Les autorités françaises n’ont pas trop tergiversé pour régler le sort de l’imam tunisien Mahjoub Mahjoubi, accusé de propos « anti-France ».

Vendredi 23 février, l’imam a été expulsé vers son pays d’origine. Une décision qui suscite la polémique en France par la célérité avec laquelle elle a été prise et son caractère jugé partial.

Des dérapages autrement plus graves, émanant de représentants d’autres communautés, n’ont pas été sanctionnés, selon les détracteurs de la mesure d’expulsion de l’imam tunisien.

Tout est allé très vite. Lundi 19 février, le ministre de l’Intérieur Gérald Darmanin a annoncé sur les réseaux sociaux avoir fait un signalement au procureur de la République et demandé l’expulsion de l’imam d’origine tunisienne de Bagnols-sur-Cèze (Gard), Mahjoub Mahjoubi.

L’imam est accusé d’avoir qualifié dans un prêche le drapeau français de « drapeau satanique » qui n’a « aucune valeur auprès d’Allah ». Une vidéo du prêche circulait depuis quelques jours sur les réseaux sociaux.

Mahjoubi s’est défendu en expliquant dans des déclarations au journal Midi-Libre qu’il n’était pas question du drapeau français et que son prêche était destiné aux supporters des équipes de football des pays du Maghreb qui exhibaient des drapeaux lors de la dernière coupe d’Afrique de nations des « drapeaux tricolores ».
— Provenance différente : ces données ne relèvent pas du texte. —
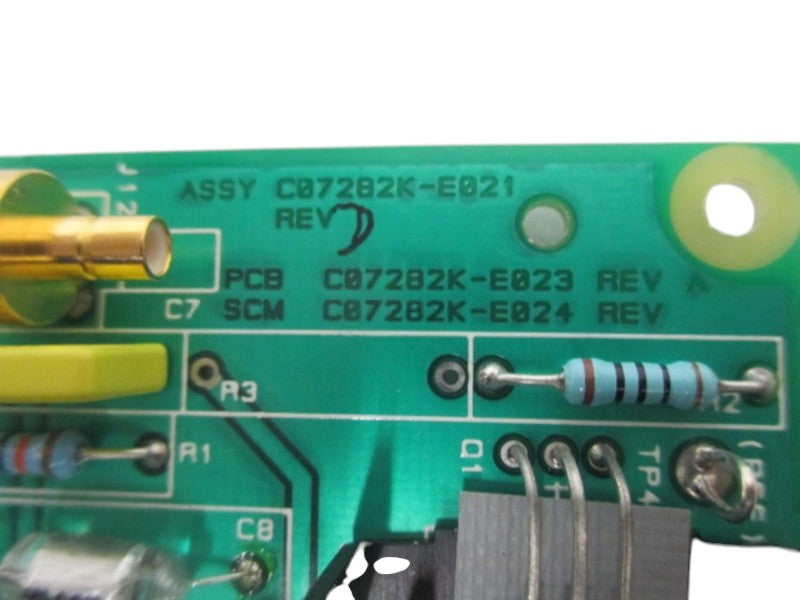 RAMSEY TECH C07282K-E021 PC BOARD  NSNP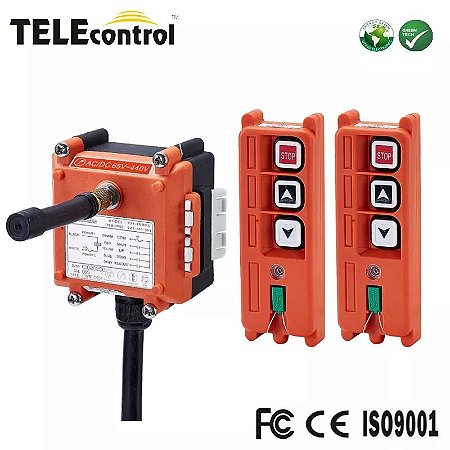 Radio Controle Remoto Industrial Modelo: F21-2S+1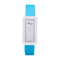 Montre Montre Poiray, "Ma Première Allongée", acier, diamants. 58 Facettes 33332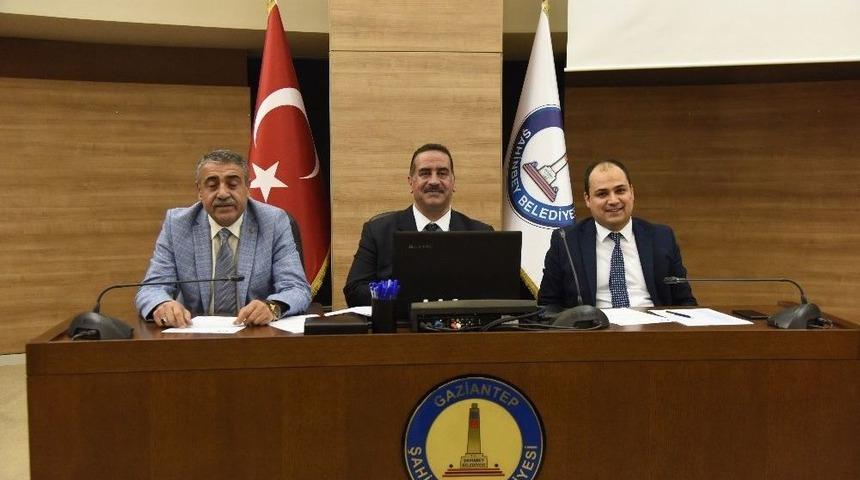 Şahinbey&rsquo;de Haziran Ayı Meclis Toplantısı Yapıldı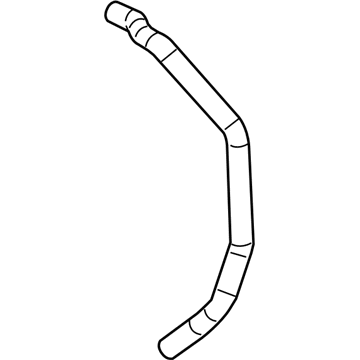 Saturn 22731576 Lower Hose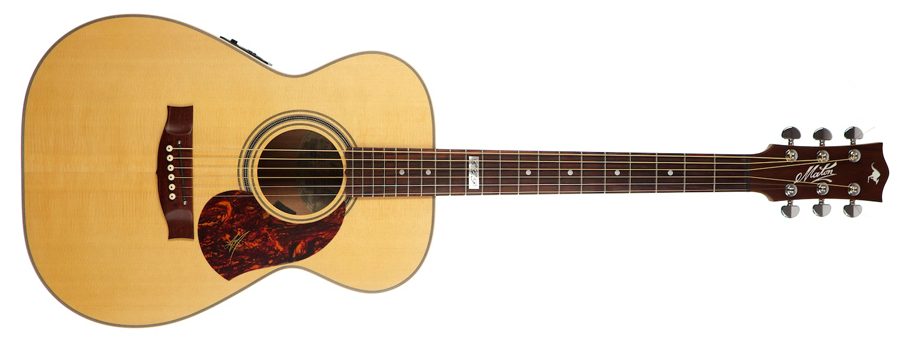 Maton EBG808TE Tommy Emmanuel All Solid Acoustic Guitar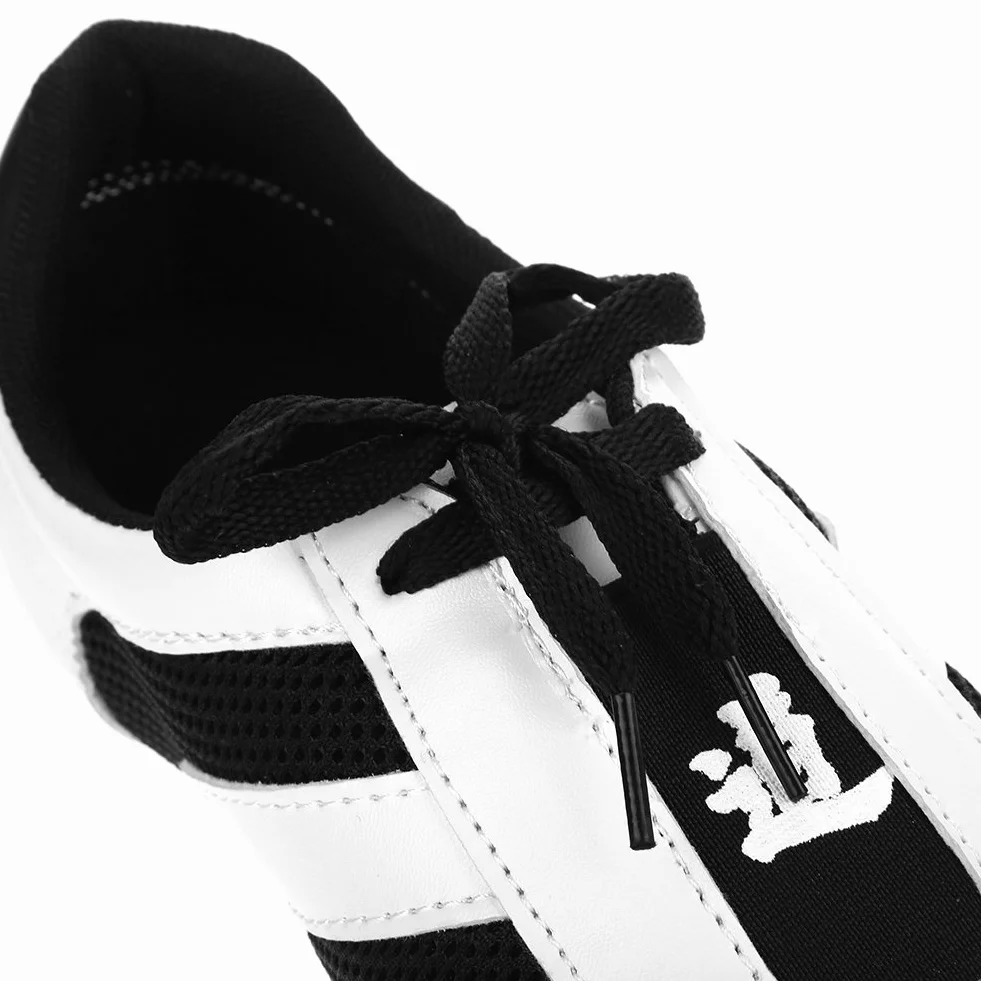 Alomejor Taekwondo Kung Fu Taichi buty treningowe, antypoślizgowe buty do stylu walki, dla mężczyzn i kobiet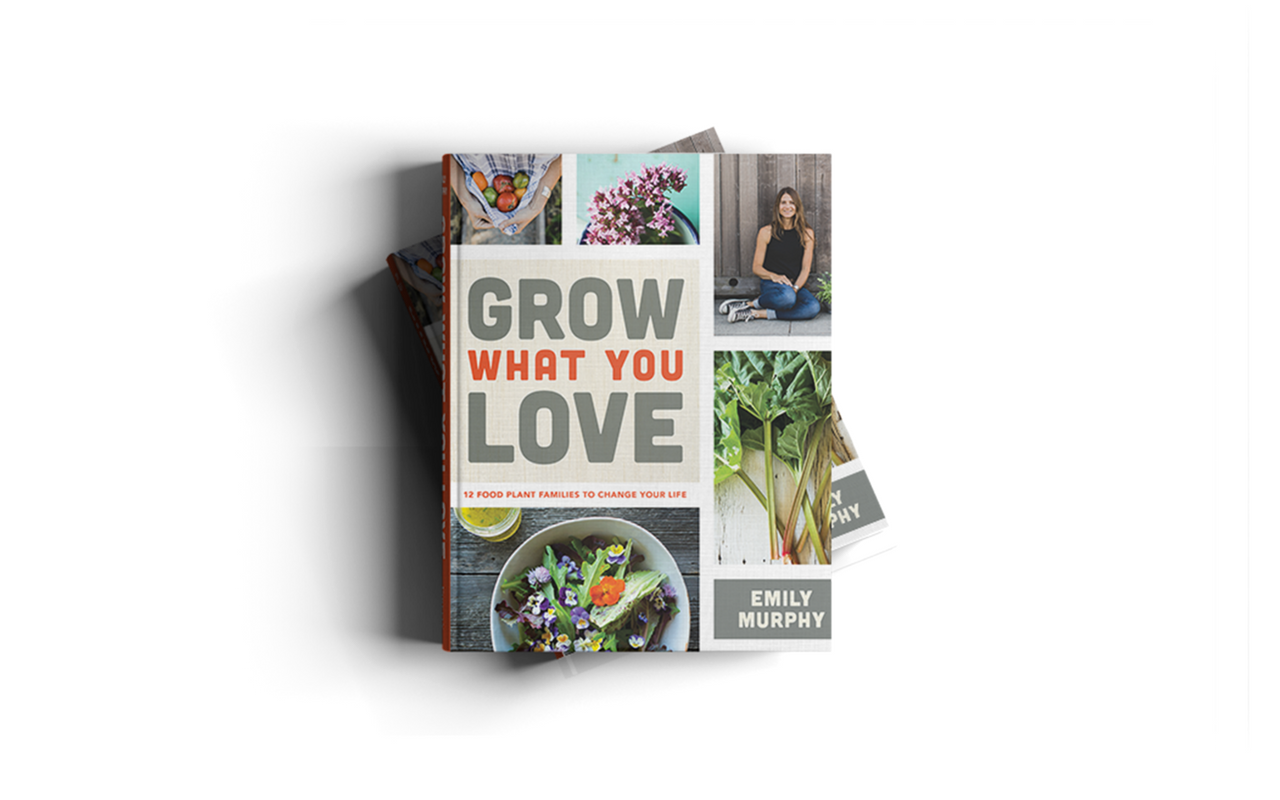 Signed Copy of the Grow What You Love book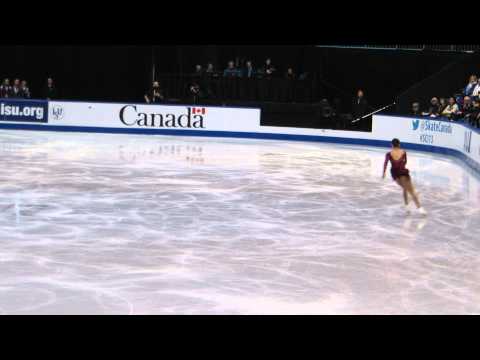 Christina Gao 2013 Skate Canada SP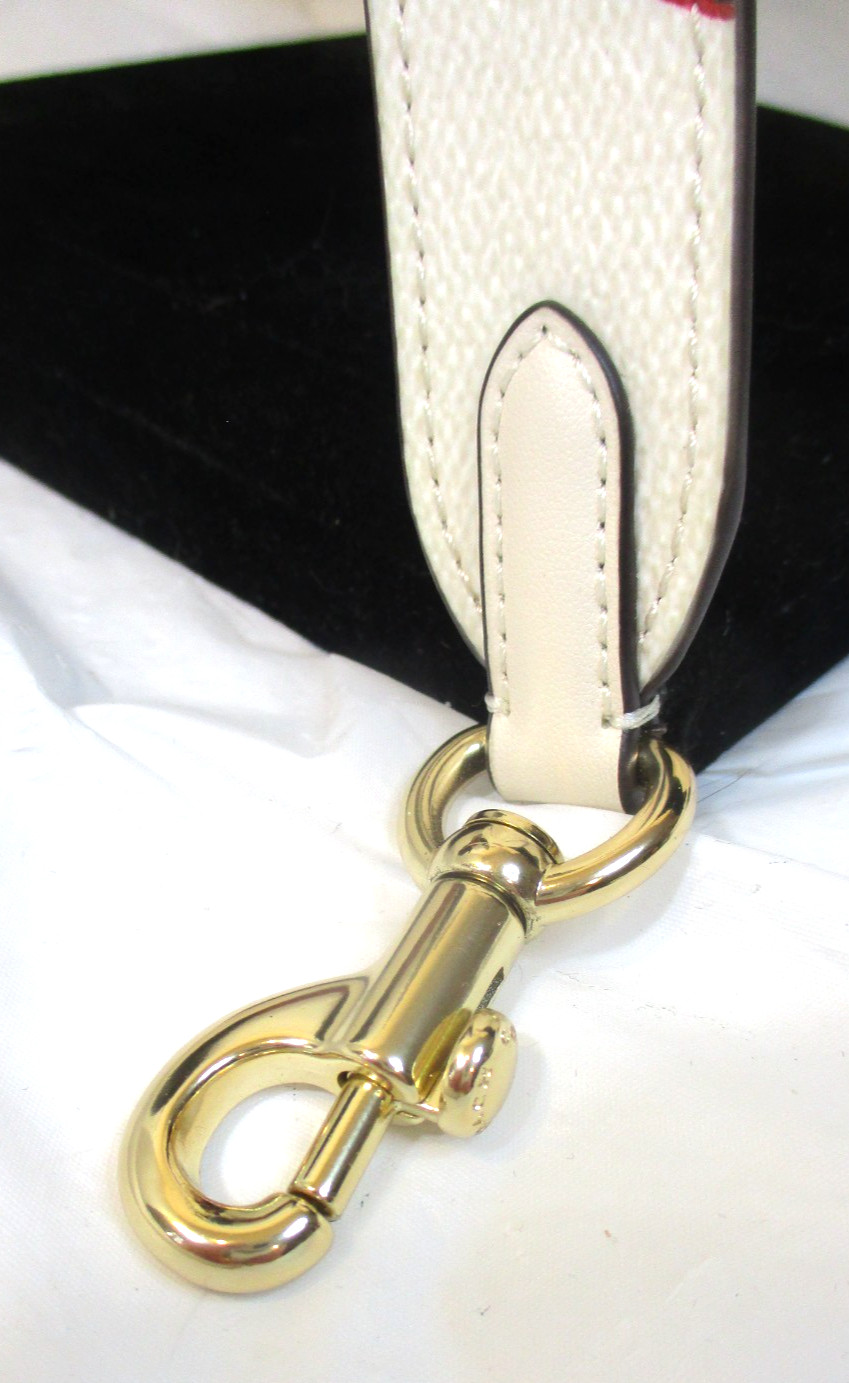 Coach Adjustable Replacement Shoulder Strap, Crea… - image 2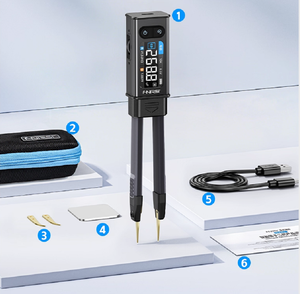 FNIRSI LCR-ST2 2-in-1 Standard Digitalmultimeter mit Pinzette Hochpräziser Zweiter Generation Handgehaltener Komponententester 1 Jahr - Product Image 1
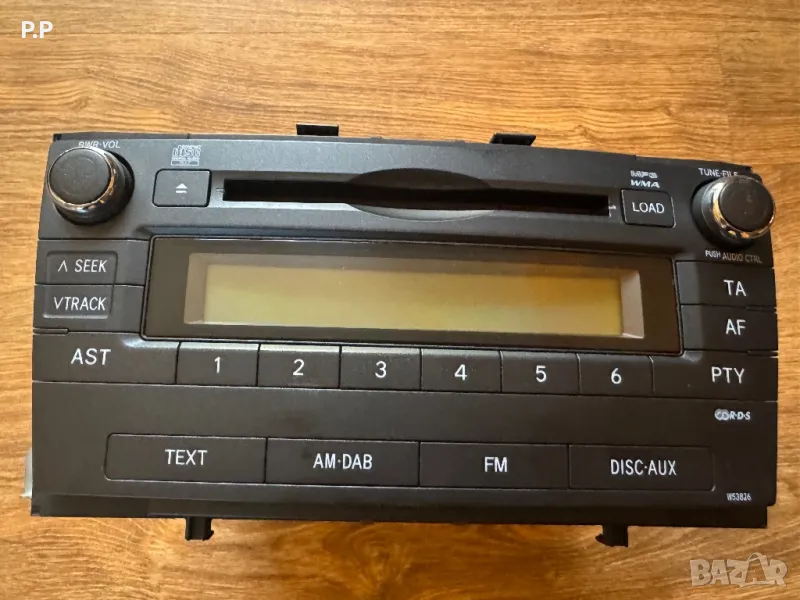 Аудио/СД Тойота Авненсис Т27, снимка 1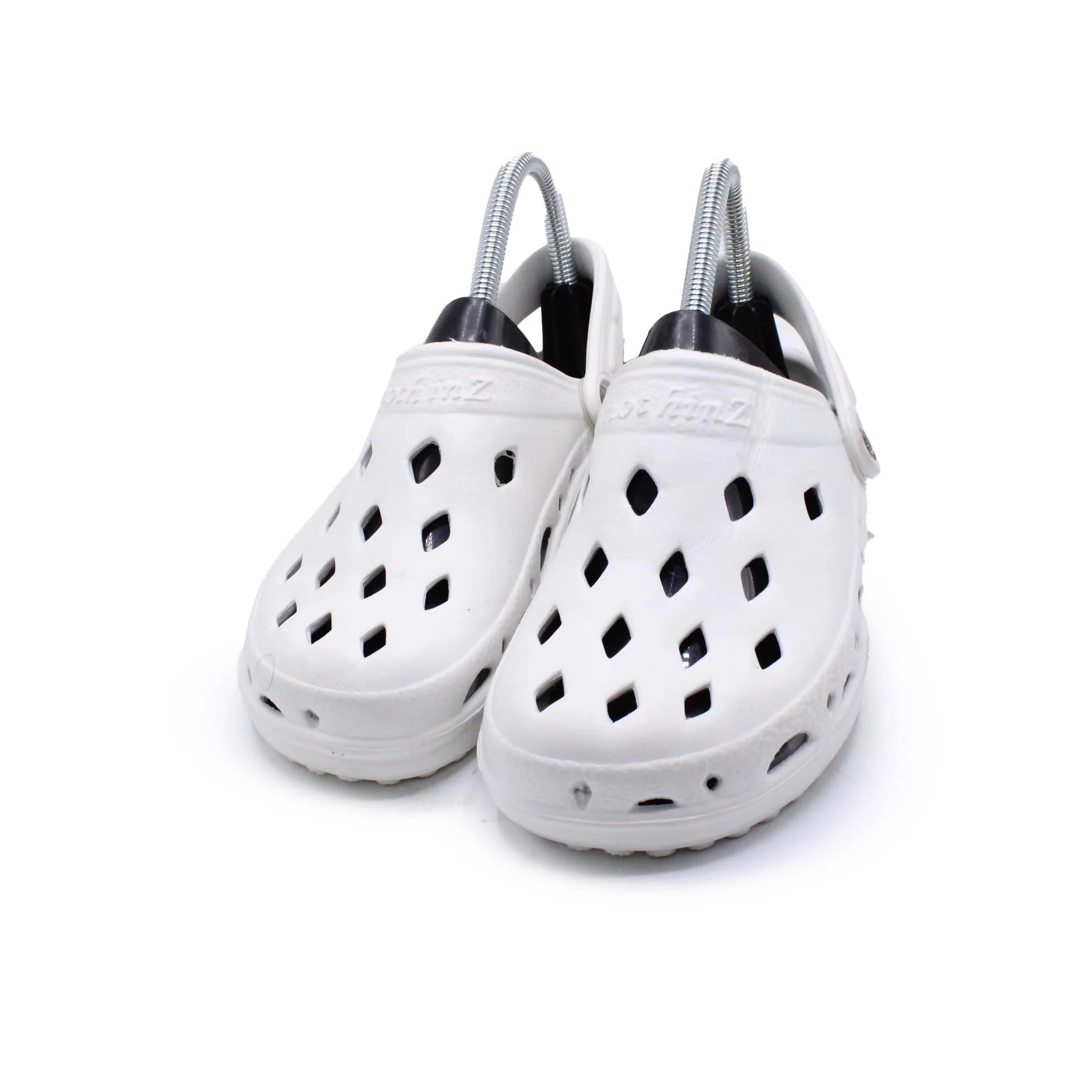 Nothinz White Clog - Image 2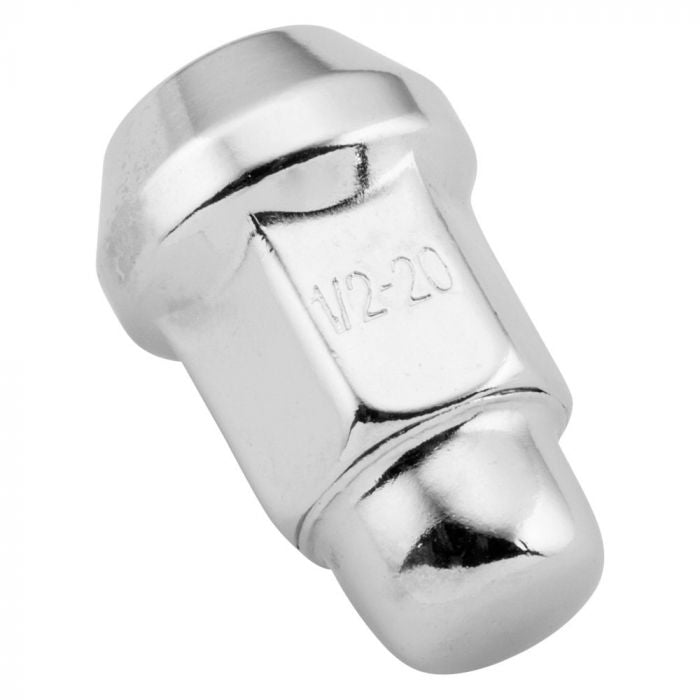ITP 1/2&quot;-20 TAPERED CHROME LUG NUT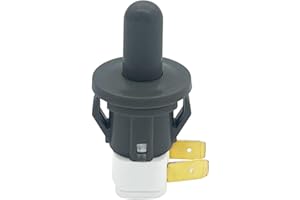 COTISDA Upgraded DA34-00066C Refrigerator Switch Door-Interlock,Compatible with Various Samsung 2 Pin Door Light，Replace 2705488, AP5306252, PS4138763, EAP4138763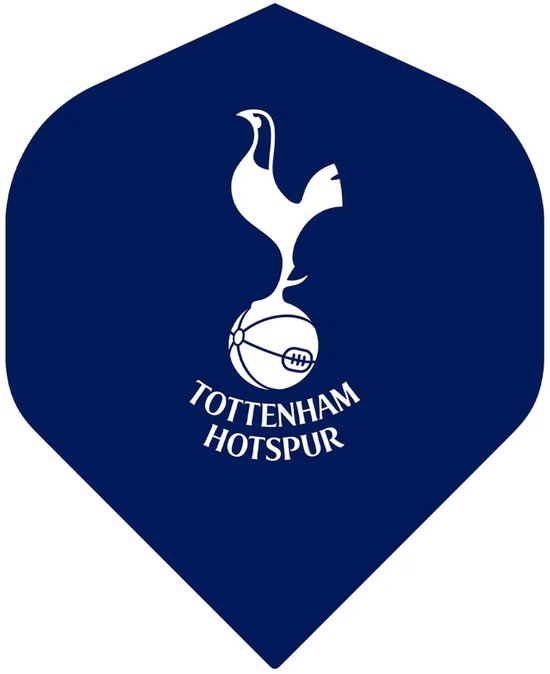 TOTTENHAM HOTSPUR FC F2 VOETBAL FLIGHTS - 1 SET (3 FLIGHTS) - DART - FOOTBALL van Merkloos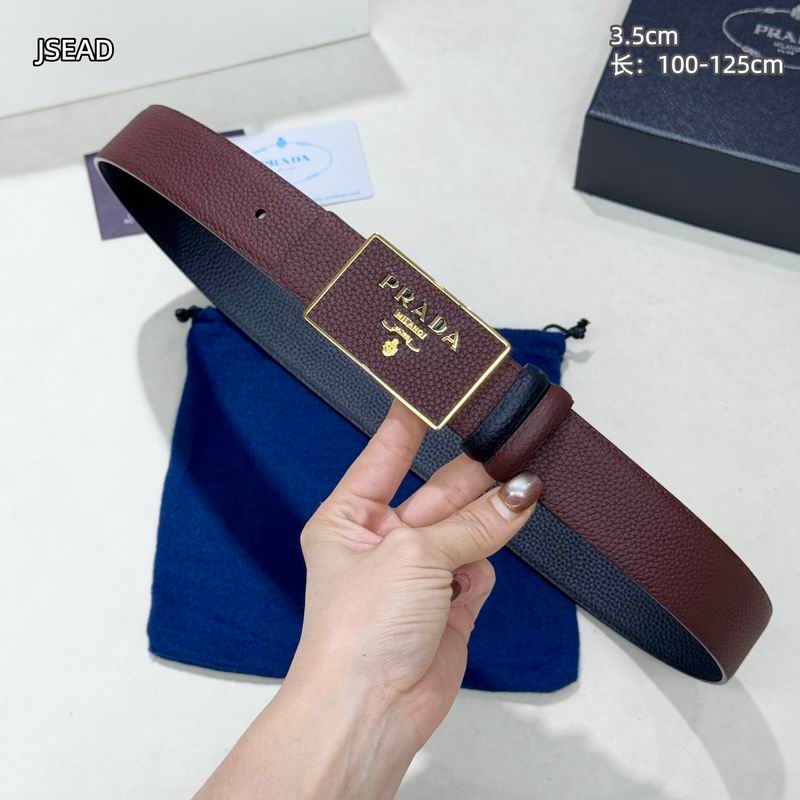 Prada belt 35mmX100-125cm 8L (89)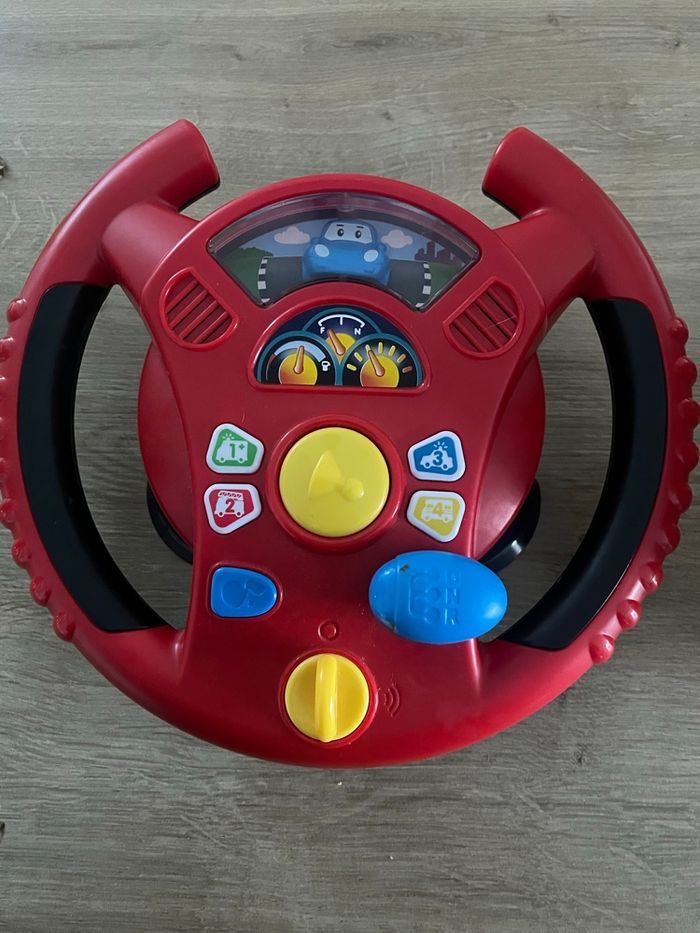 Volant électronique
Le lapsus est là. L’adjectif « tricolore » désigne habituellement l’emblème français mais l’imam l’a utilisé au pluriel. Sa ligne de défense paraît solide même s’il n’a pas à qualifier les drapeaux des autres pays de « sataniques », mais il semble que les autorités ont fouillé dans ses précédents prêches et trouvé des propos controversés.

Selon Le Monde, le préfet du Gard a indiqué que ses prêches précédents « recèlent bien d’autres choses que ce pseudo-lapsus ».

Selon l’arrêté ministériel d’expulsion, l’imam a tenu précédemment des propos traduisant une « conception littérale, rétrograde, intolérante et violente de l’islam », et de nature à encourager la « discrimination à l’égard des femmes », le « repli identitaire », les « tensions avec la communauté juive » et « la radicalisation jihadiste ».

Néanmoins ce n’est pas tant les propos condamnables de l’imam et le fond de l’affaire mais sa forme qui suscite la controverse en France.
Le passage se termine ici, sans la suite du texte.